Showing posts with label Ledbury. Show all posts
Showing posts with label Ledbury. Show all posts

Wednesday, November 8, 2023

Ledbury, Herefordshire

Sweet 

This beautiful sign in Ledbury has a special resonance for me, because I had a much-loved relative who was a confectioner. R, a cousin of my mother’s, could do the lot, from chocolate work to making boiled sweets, from seaside rock to luxurious coconut ice or fudge. For a while he had a shop next to a venue – a combined cinema and theatre – where famous stars performed. Many of them dropped in for something sweet and some came back whenever they were performing next door. The demise of live gigs there was a blow, and he moved on.

His wares were good enough to sell without advertisement, and his shop didn’t have a wonderful glass sign like this. But what a joy it is.* That graceful lettering with its gradually widening and narrowing stroke widths is a delight: how difficult it must have been to do that in glass. Just as good is the crazy-paving style background, made up of glass so richly coloured it reminds me of Fruit Gums.¶ I know, I know: there weren’t blue Fruit Gums. But the raspberry red, lemon yellow, lime green, and orange seem to fit the part.
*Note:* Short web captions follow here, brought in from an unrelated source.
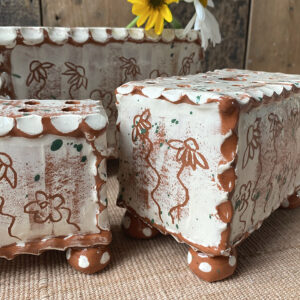 Sarah Monk Ceramic Flower Brick - White Floral - Image 3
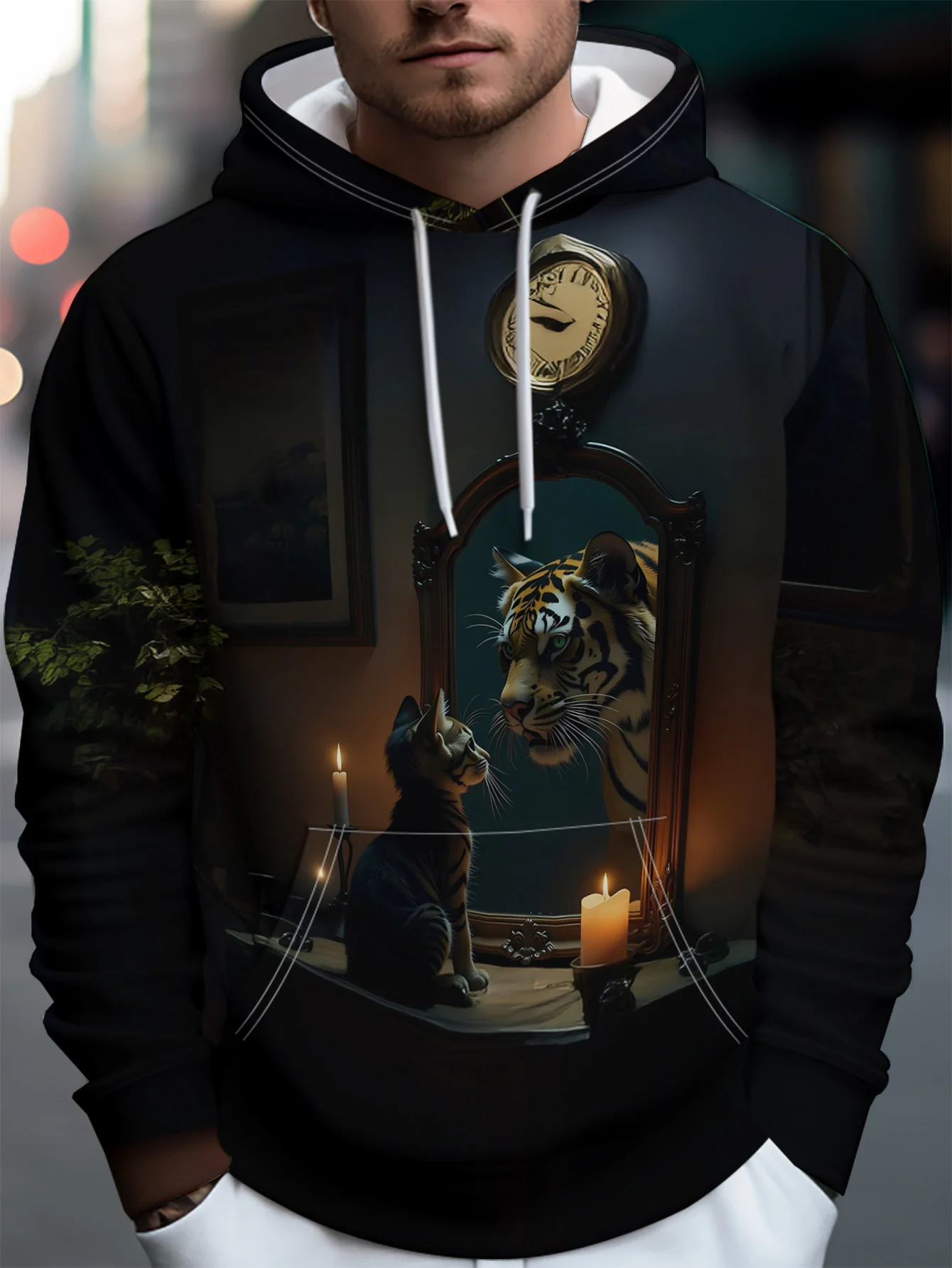 Men Cat Mirror Tiger Reflection Candle Vintage Room 3D Print Hoodie Drawstring Pocket Long Sleeve Casual Pullover Sweatshirt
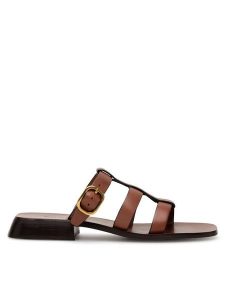 Gino Rossi Klapki MALI-112791 Brązowy. Brązowe klapki Gino Rossi, bez wzorów, ze skóry, bez obcasa. Za 259,99 zł.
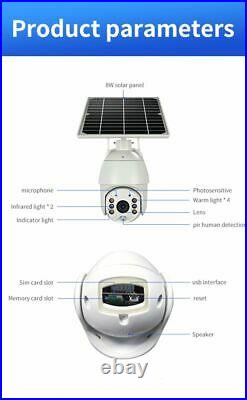 Home Security Camera Outdoor Solar Battery Powered Wireless Pan Tilt Spotlight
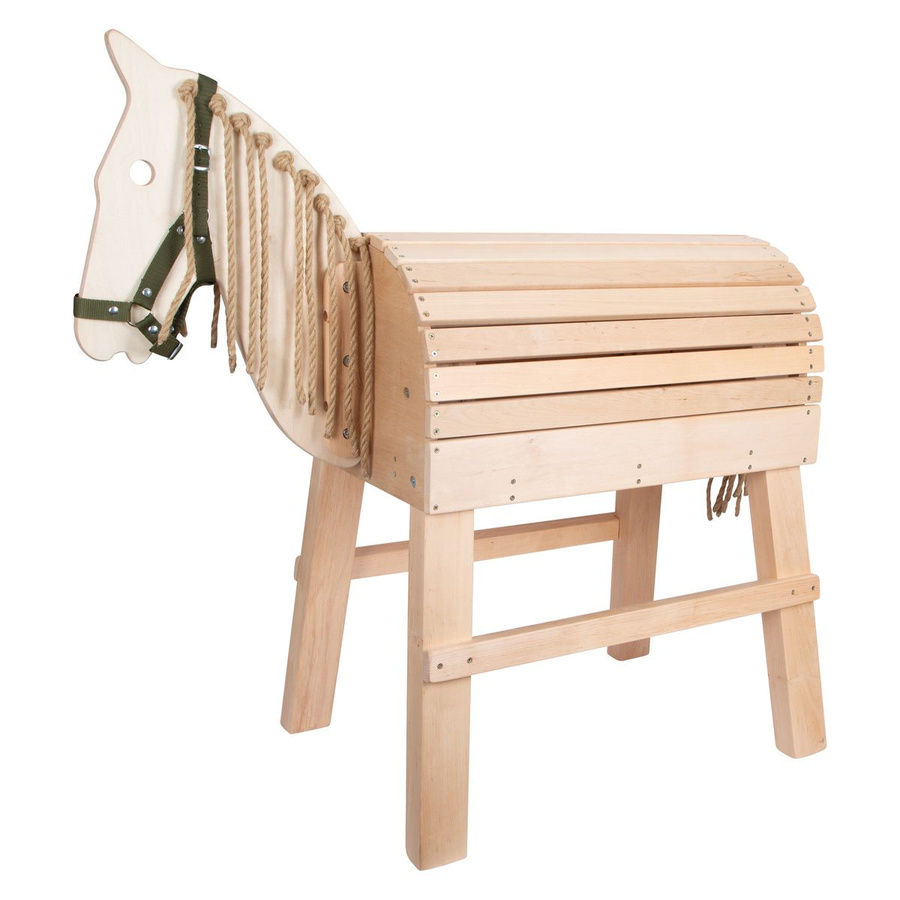 Small Foot Holzpferd mit Aufstiegshilfe & Halfter, Beige - Bild 1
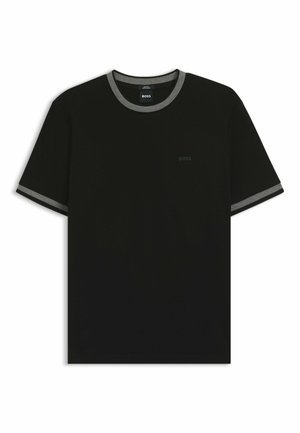 Schwarzes Baumwoll-T-Shirt mit grauem, kontrastierendem Rundhalsausschnitt und Ärmelbesatz, mit einem kleinen, tonalen Markenlogo auf der Vorderseite.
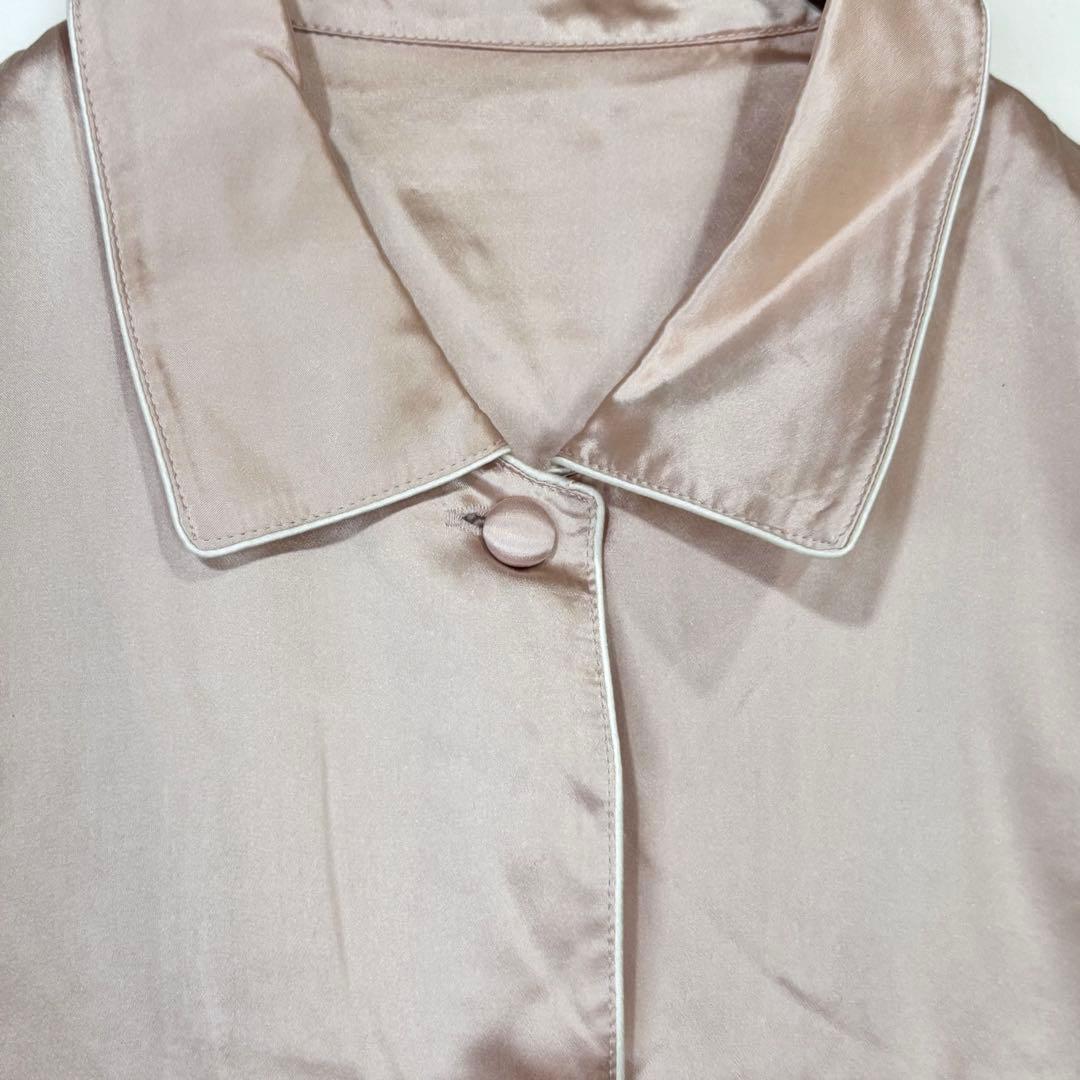 ワコール　M　パジャマ 上下セット　シルク100%　光沢　ピンク　ウエストゴム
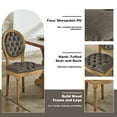 thumbnail image 5 of French Country Dining Chairs Set of 4, Gray Kitchen & Dining Room Chairs, Velvet Kitchen Chairs, Tufted Upholstered, Wood Legs, Sillas De Comedor (Velvet, Grey, 4 Pcs), 5 of 12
Not knowing for sure the date of this glazing, I’m going to suggest a vague ‘early 20th century’. I like to imagine glazing like this lit from behind on a dark night, so that the colours glow. Bulbs placed behind the sign could also shine their light downwards, to illuminate the goods in the window, drawing the eyes of passers-by, making their mouths water, and luring them inside. Delicious!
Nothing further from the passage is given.